> **PROBLEM DETAILS**
Only the text of the records belongs in the answer; the pictures must be dropped.
Segment Start: DATASET ENTRIES
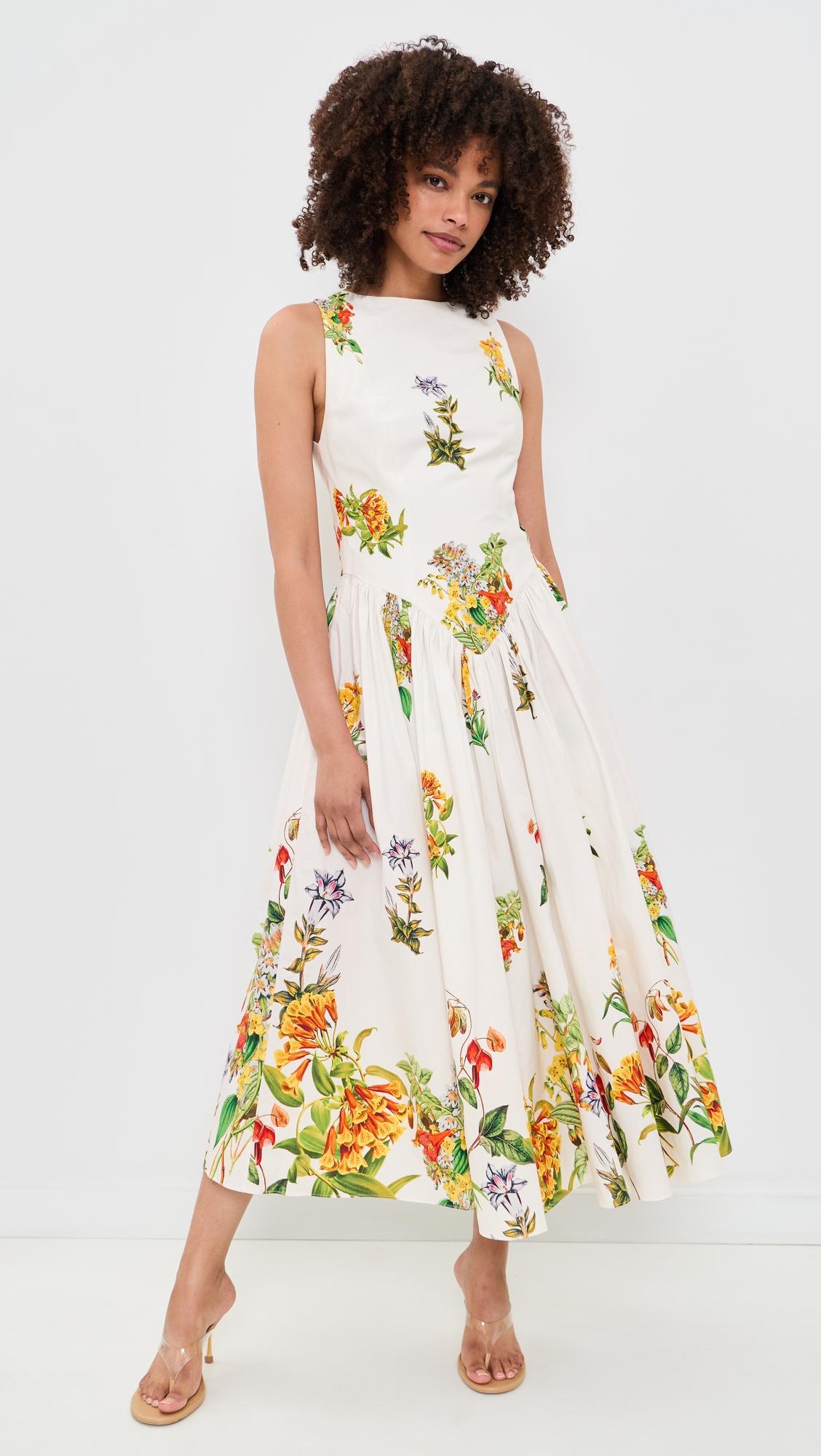 boat neck maxi dress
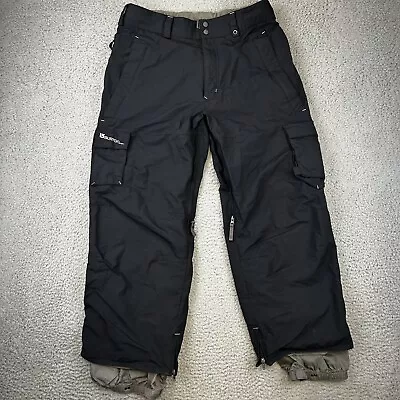 Burton Black Snowboard Pants Ski Nylon Mesh Lined Insulated Cargo Men's Large • $34.99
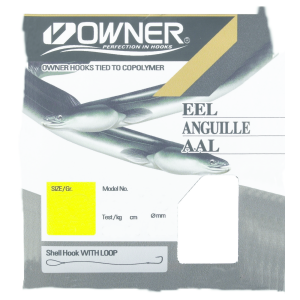Owner Aal rot RL-9330 70cm – gebundene Angelhaken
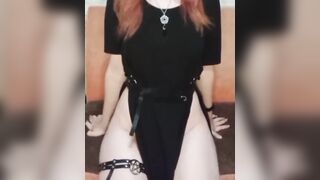 Wet honey rides sex-toy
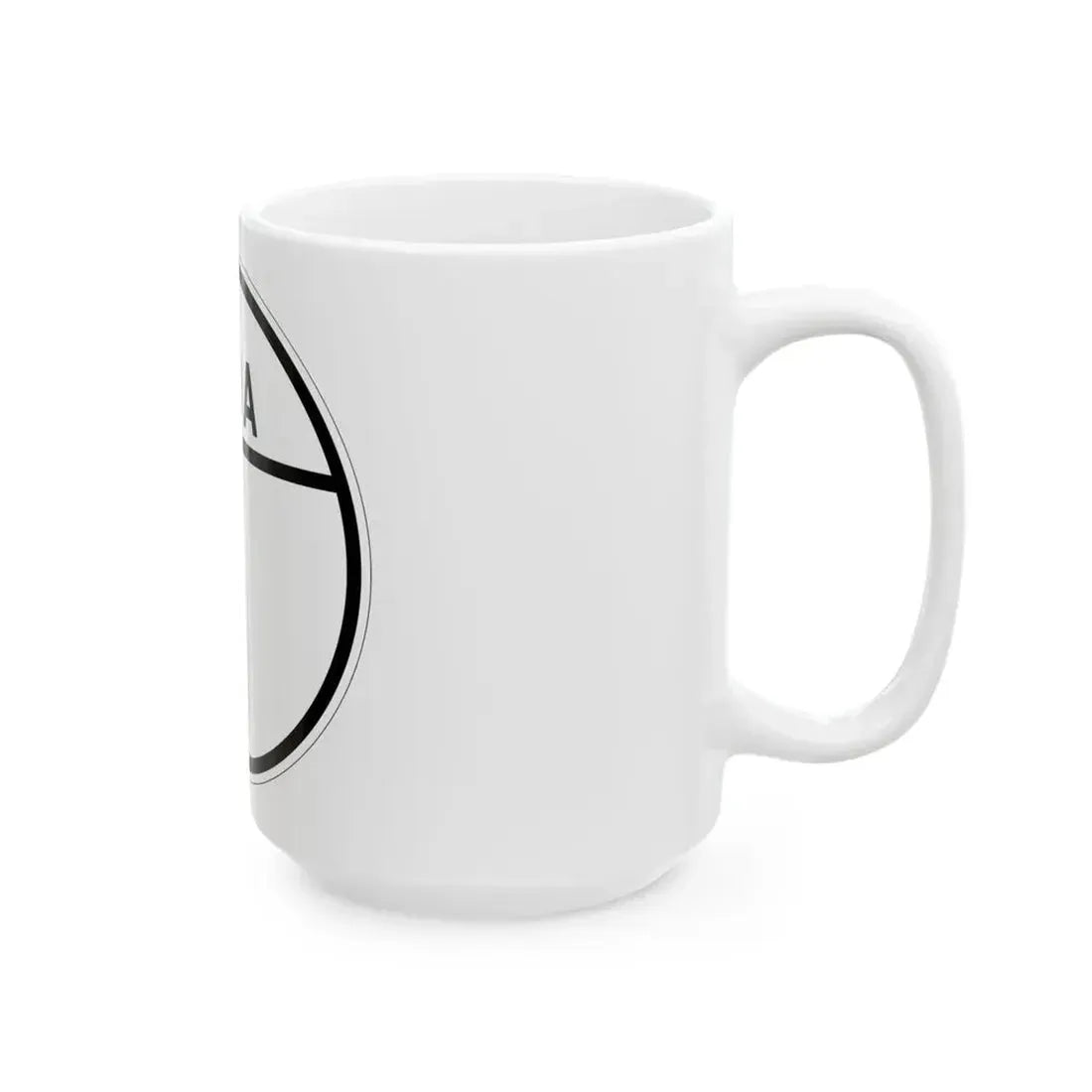 Iowa blank 1926 (Iowa) (Road Sign) White Coffee Mug - Go Mug Yourself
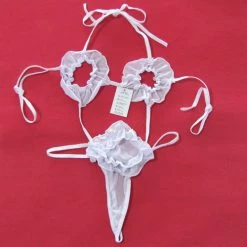 N/a Sexy White Peek-A-Boo Bikini Style Lingerie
Segment End: DATASET ENTRIES
> **ANSWER TO THIS TASK**
 boat neck maxi dress
 Burton Black Snowboard Pants Ski Nylon Mesh Lined Insulated Cargo Men's Large • $34.99
Owner Aal rot RL-9330 70cm – gebundene Angelhaken
 Wet honey rides sex-toy
 Iowa blank 1926 (Iowa) (Road Sign) White Coffee Mug - Go Mug Yourself
 N/a Sexy White Peek-A-Boo Bikini Style Lingerie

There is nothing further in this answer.